Meeting planners are forced to become more strategic and creative in their sourcing approach. Here’s how you can leverage the resources you already have to successfully source in this new climate.

1. Shop the Clearance Aisle
If you want the best deals and can be flexible, wait to book until 90 days before your meeting dates. After aggregating 1,000-plus hotel sales promotions in 2017, we found that hotels send out promo offers 89-193 days from the arrival/departure dates.

No matter the offer, what these hotel promos really mean is that the property is behind pace or needs to fill rooms. Take these incentives as a sign that you now have the upper hand in negotiations, a rare reprieve in today’s climate where suppliers typically hold all the leverage.  

We don’t recommend this approach if your meeting is mission-critical to your organization, since there is no guarantee you will discover that perfect match for your objectives. But if you want to be an opportunistic buyer, waiting 90 days before your meeting will maximize your chances of finding massive cost savings.

2. Think and Source Competitively
If booking a top-tier city is a priority, you can’t wait until 90 days out—not even close. The best rates, dates, and space in 2018 have already been booked. And 2019 and 2020 don’t look much better. 

Here’s why: Most of the recently built and future hotel supply are short on large ballrooms and event space. As a result, your choices are limited. Planners for large meetings have to race to beat the competition for top destinations like Chicago, Orlando, and Las Vegas.

Here are some tips that can help:

• Shop and source early. We can’t stress this enough. High group demand means high meeting space demand—book it before someone else does. The earlier you source space, the more flexible your pricing will be. Our data shows that almost one-third of hotels decline a booking because they don’t have the space availability. And, based on the pipeline for 2019/2020 hotel construction, there will not be a lot of new hotels adding meeting and event space in top-tier markets. So, start searching now for your 2019/2020 events.

• Give second-tier markets a second look. Not all the good space is taken—there is available space, but mostly in markets that you may not have initially considered. While every planner loves cities like San Diego, San Francisco, and Miami, second-tier cities are where you’ll find attractive affordability and fresh, new attendee experiences. Plus, many of these destinations offer ample hotel meeting space for large groups, great weather, good air connectivity, a great après-meeting scene, and affordable rates. Attractive options include Aurora, Colo.; Kissimmee, Fla.; San Jose, Calif.; Fort Myers, Fla.; and San Antonio, Texas.

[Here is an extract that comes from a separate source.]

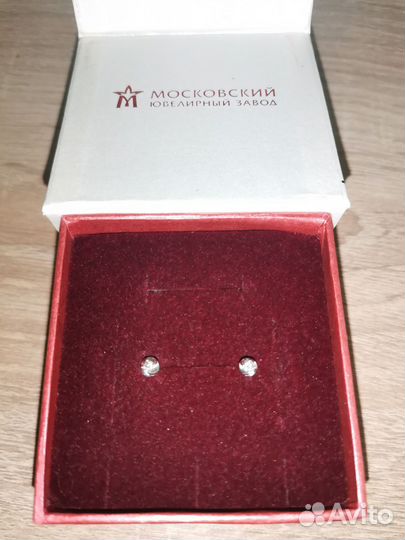Золотые серьги с бриллиантами
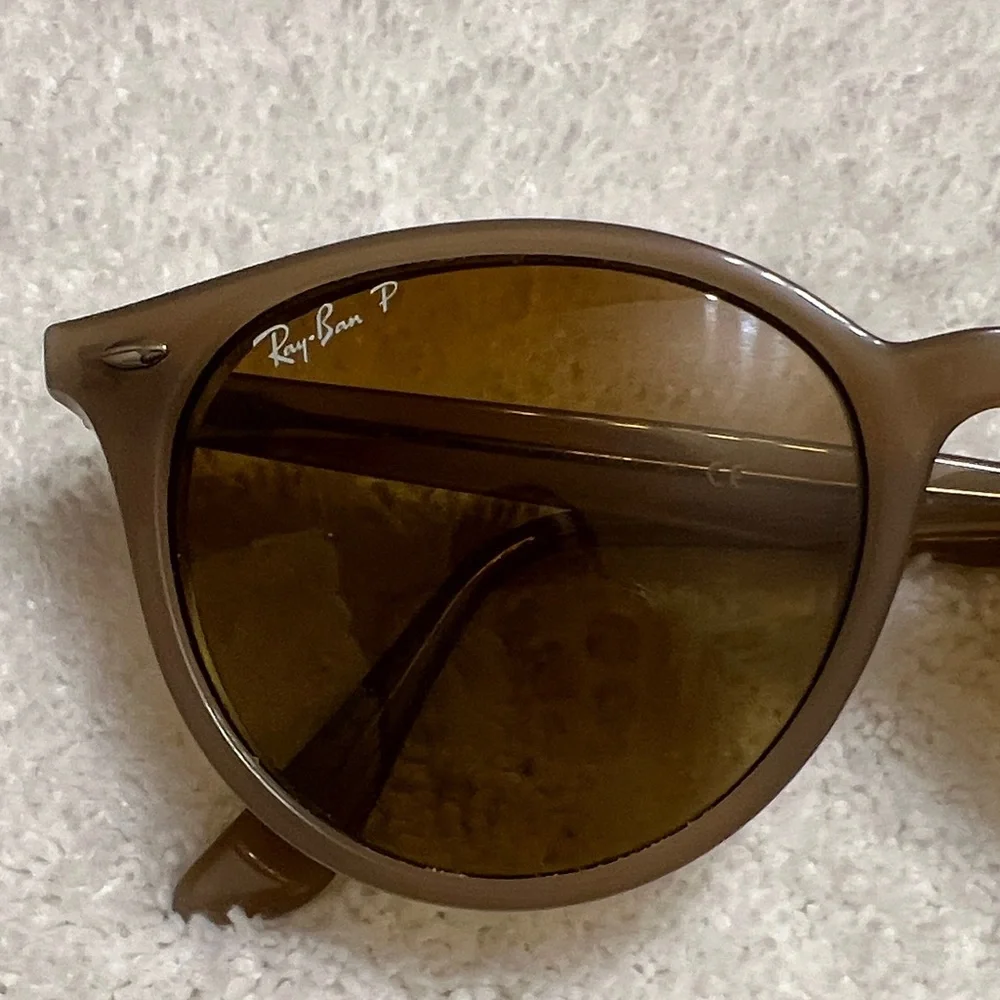 Ray-Ban can’t casual subtle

 3. Sell the Value of Your Meeting with F&B Actuals, Not Minimums.
Because supplier strength is at an all-time high, until you have a signed contract, you’re still competing with other planners for your desired space. The best way to convince the hotel to choose you over another group is to prove the value that your organization can deliver. Most groups simply offer food and beverage minimums, but F&B actuals are much better for conveying your value to the hotel’s bottom line. 

We surveyed more than 250 events and found that meetings exceed their F&B minimums on an average of 40 percent.

Instead, focus on these metrics:
• Total revenue per occupied room
• F&B spending per square foot of meeting space used 

Hotel revenue managers and sales directors use these benchmarks to objectively compare groups and gauge which is the most profitable. Before sending out your next request for proposal, consider how hotels value total spend, F&B spend, and the relationship between F&B spend and meeting space use. Leveraging this information can get you the best possible deal for your meeting and is critical in conveying your meetings value.

This year is looking to be a tough one for meeting planners. The pressures and unrealistic standards forced upon you will likely continue. However, with the right strategies and data, you can maneuver through the setbacks and still book with confidence.  

Paul Zettler is chief financial officer of Groups360, which provides sourcing technology for meeting planners.